Тогда родилась идея снять байопик про Влада Листьева, мы с соавтором написали полный метр в духе «Волка с Уолл-стрит», но поздновато поняли, что все слишком серьезно и еще живы люди, причастные к той истории.
- Ощущение причинно-следственных связей в твоей жизни есть?
- Я не фаталист. Но вот отказ Германии был явно узловым в моей жизни. Сейчас я стараюсь не выстраивать планы в голове, я могу просто помечтать о чем-то классном – о Каннах, например.
Потому что когда мы написали сценарий и я даже не знал, будет сниматься кино или нет, но был уверен, что мы попадем на какой-то крупняк. Потому что я сделал очень классную и сильную историю, которая будет понятна всем, в любой точке мира, любому человеку.
-Как ты пишешь?
– Я практически выпадаю из жизни: сажусь за компьютером и могу не выходить из-за него несколько суток, разве что только с перерывами на сон, я набираю текст, я серфю по интернету, что-то ищу.
- Ну, у тебя получились очень органичные еврейские персонажи, все эти цитаты из Торы…
- Я очень много читал статей на сайте Еврейского центра в Петербурге. И когда раввин говорит у нас про испытания, то интонация вот этой речи – очень ровной, красивой и правильной, потому что она должна всех объединить, задать всей сцене высокую ноту – она взята из одной из тех статей.
- С чего началось ваше сотрудничество с Кантемиром?
- Нас познакомила Кира Коваленко – режиссер, с которым я сейчас закончил свой второй фильм. Я прислал Кантемиру свой сценарий короткого метра, он прислал мне свой отснятый короткий метр. Я увидел, что Кантемир – это режиссер, с которым можно работать.

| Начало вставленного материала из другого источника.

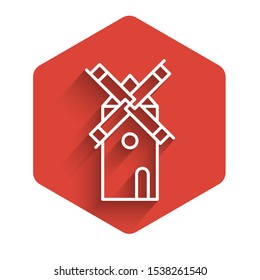 White line Windmill icon isolated with long shadow. Red hexagon button. Vector Illustration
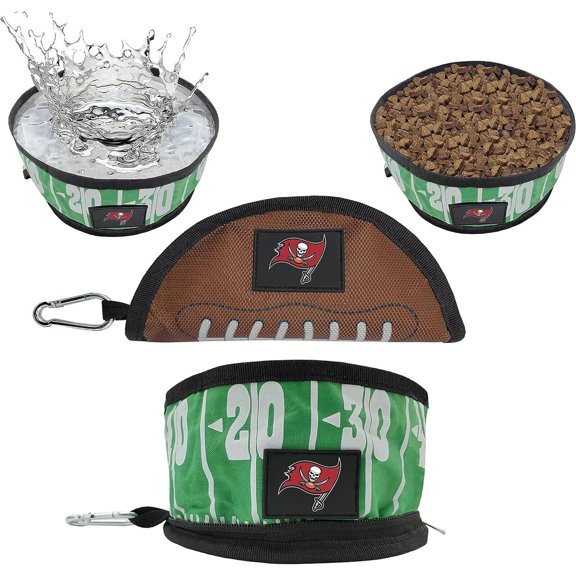 Pets First NFL Tampa Bay Buccaneers Collapsible Dog Travel Bowl, Food and Water Bowl for Dogs, Best Portable & Lightweight Leak-Proof Dog Bowl for Travel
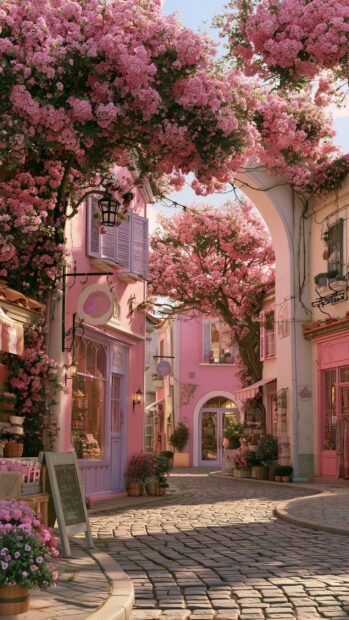 A beautiful Pink Aesthetic Wallpaper featuring a charming street lined with blooming pink trees and quaint buildings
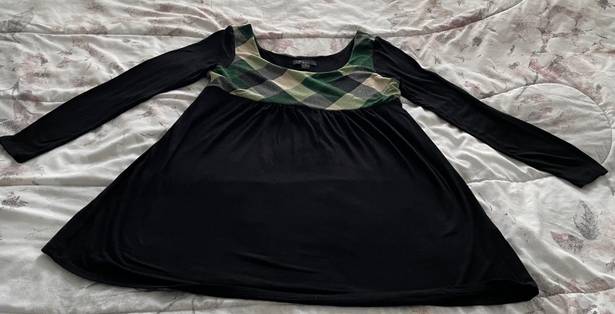 Forever 21 Vintage Y2K  Black Tunic with Green Plaid Detailing, size S Made in USA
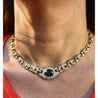 GIA Certified No Heat Blue Sapphire 18k Gold Cable Chain Choker Necklace 15.5"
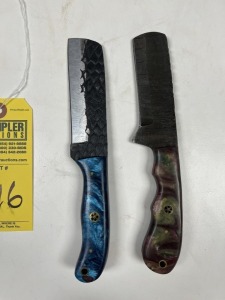 ASSORTED 4'' BULL CUTTING KNIVES - CUSTOM HANDMADE DAMASCUS STEEL - RESIN HANDLE - LAMINATED LEATHER SHEATH
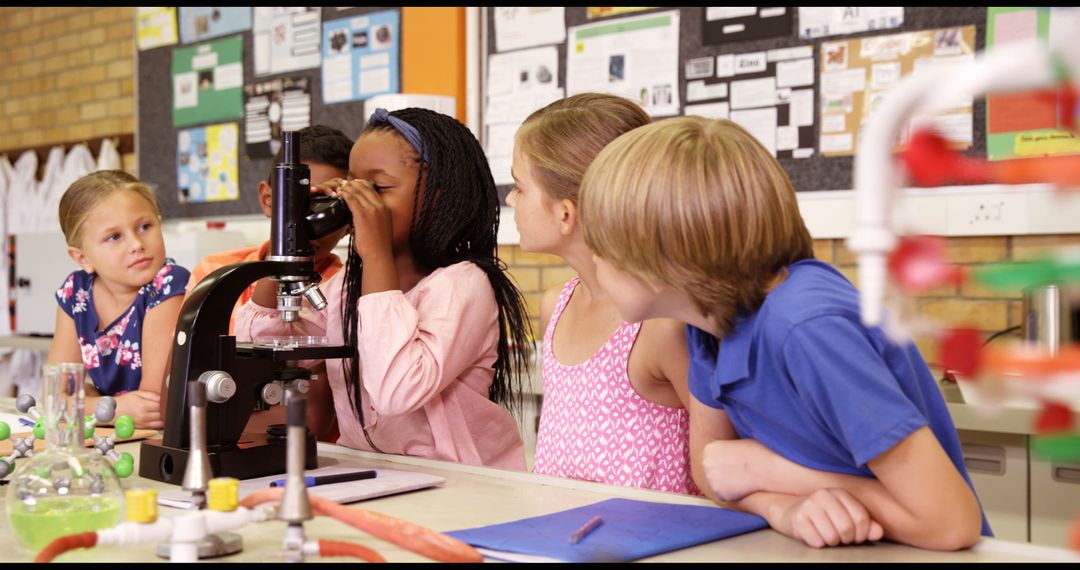 Young Students Using Microscope in Classroom Science Activity - Free Images, Stock Photos and Pictures on Pikwizard.com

Потом он прислал мне идею в виде развернутого синопсиса, где очень сильной была именно криминальная линия. Я сразу предложил ему от этого отказаться и сконцентрироваться на психологическом аспекте – в семье произошла трагедия и семья не может с ней справиться.
- Работать было интересно?
- Да, очень. Героиня мне близка, все семейная линия мне понятна, и было очень интересно поработать с межнациональными взаимоотношениями.

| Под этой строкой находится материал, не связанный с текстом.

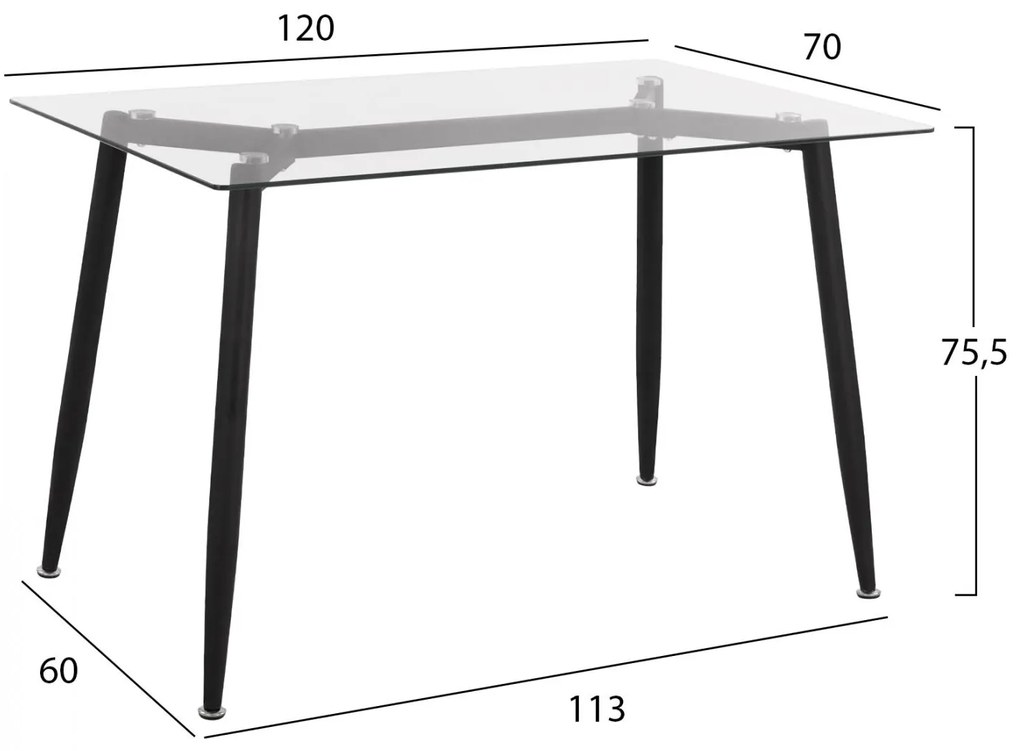 Σετ τραπεζαρίας C11076 5τμχ με Τραπέζι Μαύρο 120x70x76εκ. &amp; Καρέκλες LADY Γκρί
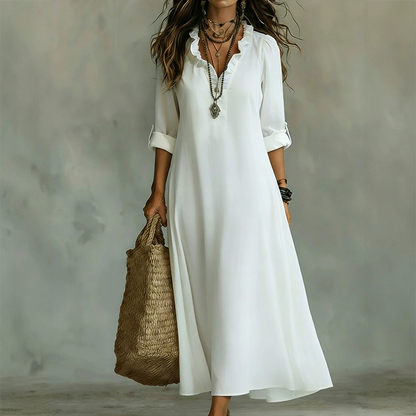 🌸 LIMITED-TIME 50% OFF! 💥 Bohemian Ruffle V-Neck Maxi Dress – Flowing Silhouette, Roll-Up Sleeves, Lightweight ✨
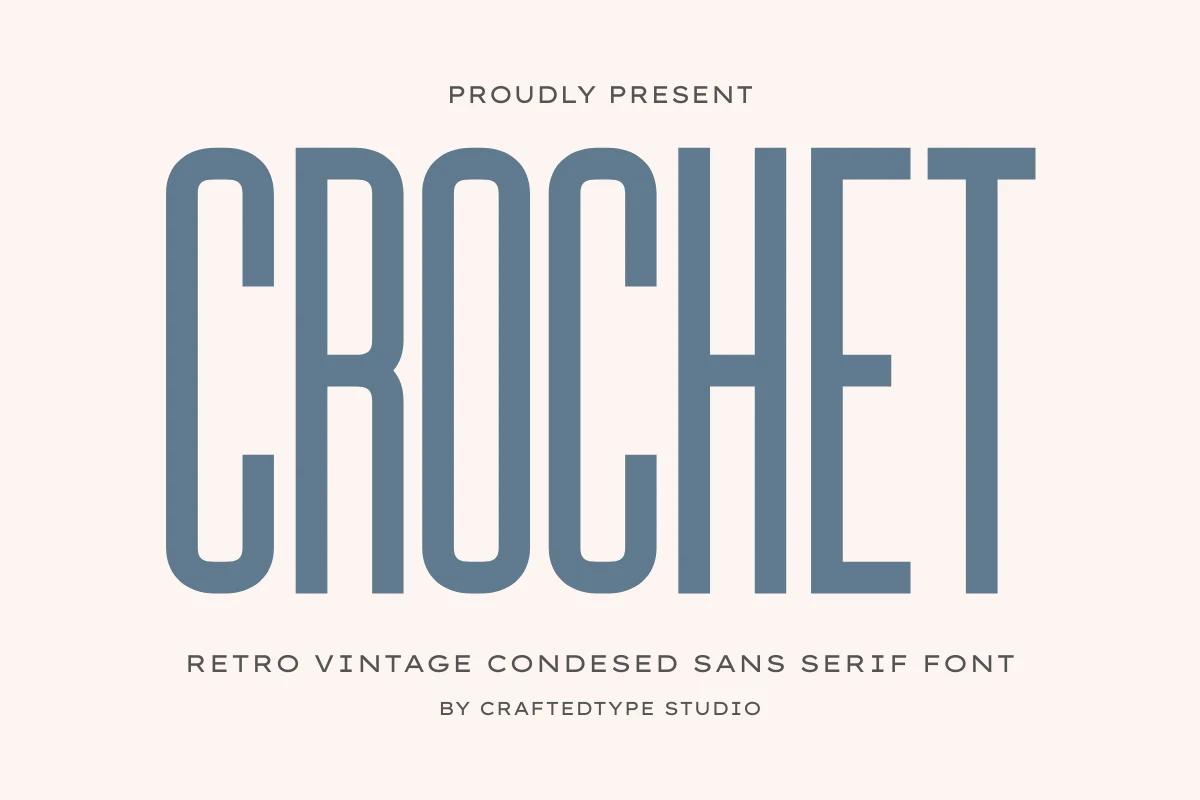 Crochet Font preview in tall condensed blue-gray retro sans lettering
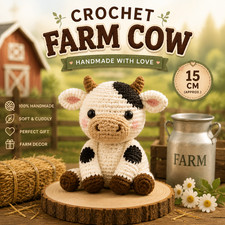 CROCHET FARM COW   15 cm Handmade Amigurumi Plush  Cute Crochet Cow Toy  Soft
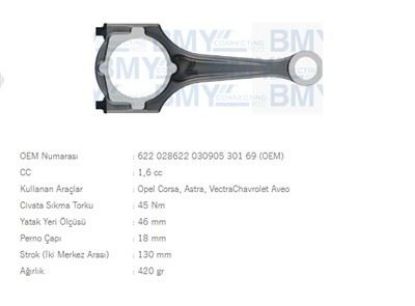 PİSTON KOLU     ASTRA-CORSA-VECTRA-AVEO   1.6  X16XE/Z16XEL resmi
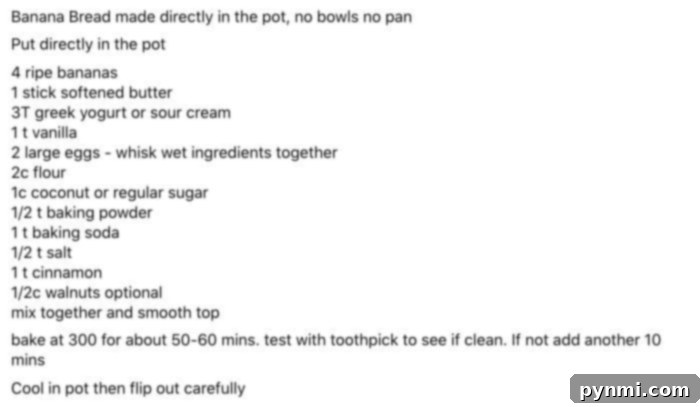 A screenshot of a Ninja Foodi user's post showing banana bread baked directly in the Foodi pot without a pan.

В Екатеринбурге на предпремьерном показе фильма были мои родители и после просмотра моя мама подошла к актрисе, которая играла мать Иланы, и сказала, что та сыграла ее, а отец тоже самое сказал актеру, который играл отца Иланы. В общем, главное качество в работе сценариста – наблюдательность.

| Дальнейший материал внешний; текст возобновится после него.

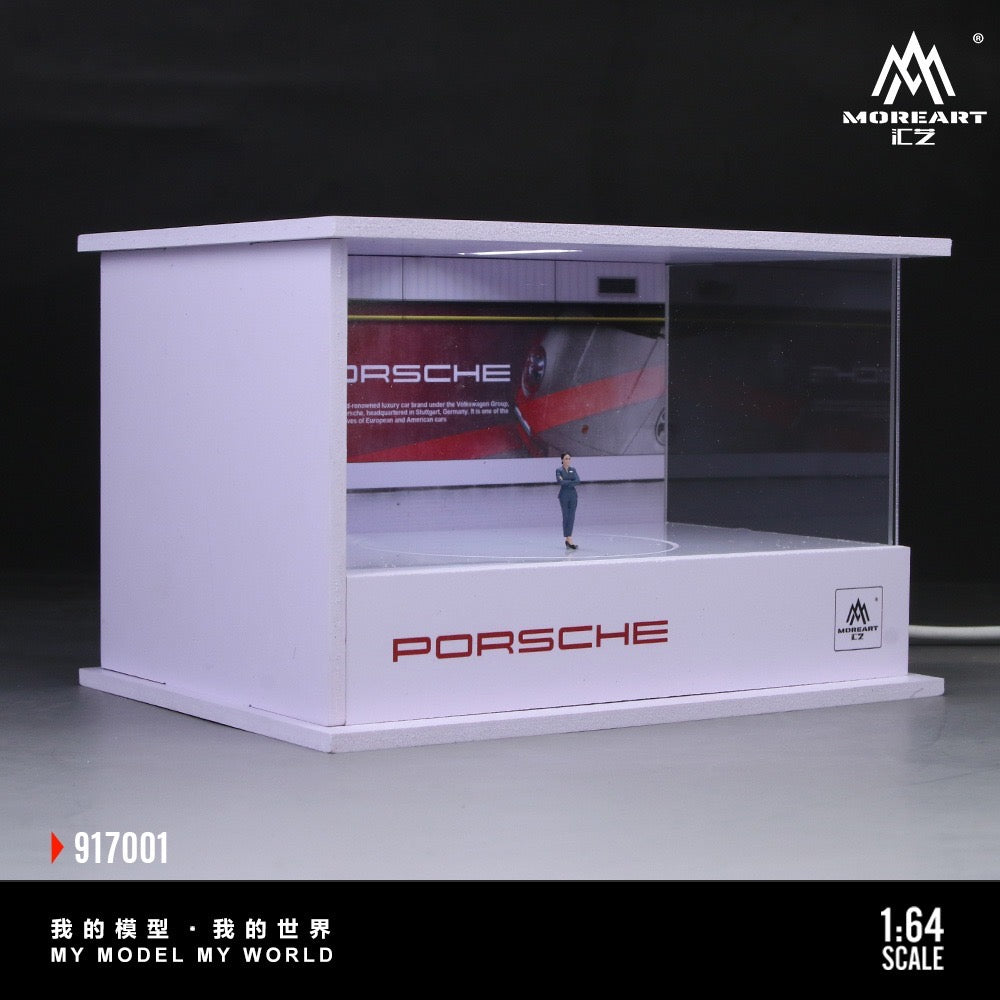 MoreArt - Porsche Turntable Exhibition Hall - Diorama mit Beleuchtung und Figur - MO917001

- Когда произошел переход к кино, у тебя же было юридическое, а потом культурологическое образование?
- Когда я учился на культуролога, я уже начал читать американские книги по созданию сценариев, из серии «Сценарий на миллион». И тогда же начали с коллегой снимать какое-то экспериментальное кино, без какой-либо явной структуры, не имеющее отношение к драматургии.
Тогда же написал полный метр, но если рассматривать его со стороны профессии, то это полный ужас и катастрофа, хотя я все делал по книге.
- Озвучь напоследок какое-нибудь глобальное послание человечеству?
- Все мы живем в рамках своего мира и боимся выйти за его пределы, потому что там что-то неизвестное, страшное. Но не нужно бояться, если человек ведет себя определенным образом.
Не нужно бояться, видя однополую пару, которой хорошо вместе. Не нужно бояться представителей разных национальностей, религий и прочего. Мир не крутится внутри вашего мира, мир крутится вокруг вашего мира. Нужно не бояться узнавать. Чем больше мы узнаем, тем богаче становимся и тем прекраснее делается наш мир. Потому что у всех границы мира разной широты.
У моих родителей, например, они очень узки, у меня они значительно шире, у ребят, которые сегодня школьники, границы еще шире моих. Для американских школьников, как показало исследование, вопрос ориентации вообще не играет никакой роли, они очень плавучие в этом плане.
- А когда у тебя возникло ощущение себя как личности?
- Сложно сказать. В семь лет, например, я считал, что я девочка, надевал мамины платья, туфли на каблуках, красил губы и устраивал концерты Тани Булановой. Хотел вообще стать балериной.
В 14 лет, когда меня называли девчонкой, я злился и говорил: нет, я мальчик. Потом мне вообще не хотелось как-то себя определять. Обычно мне проще работать над женскими персонажами. Кантемир как-то заметил, что герой нашего времени – женщина. Поэтому девиз на моей майке: The future is female.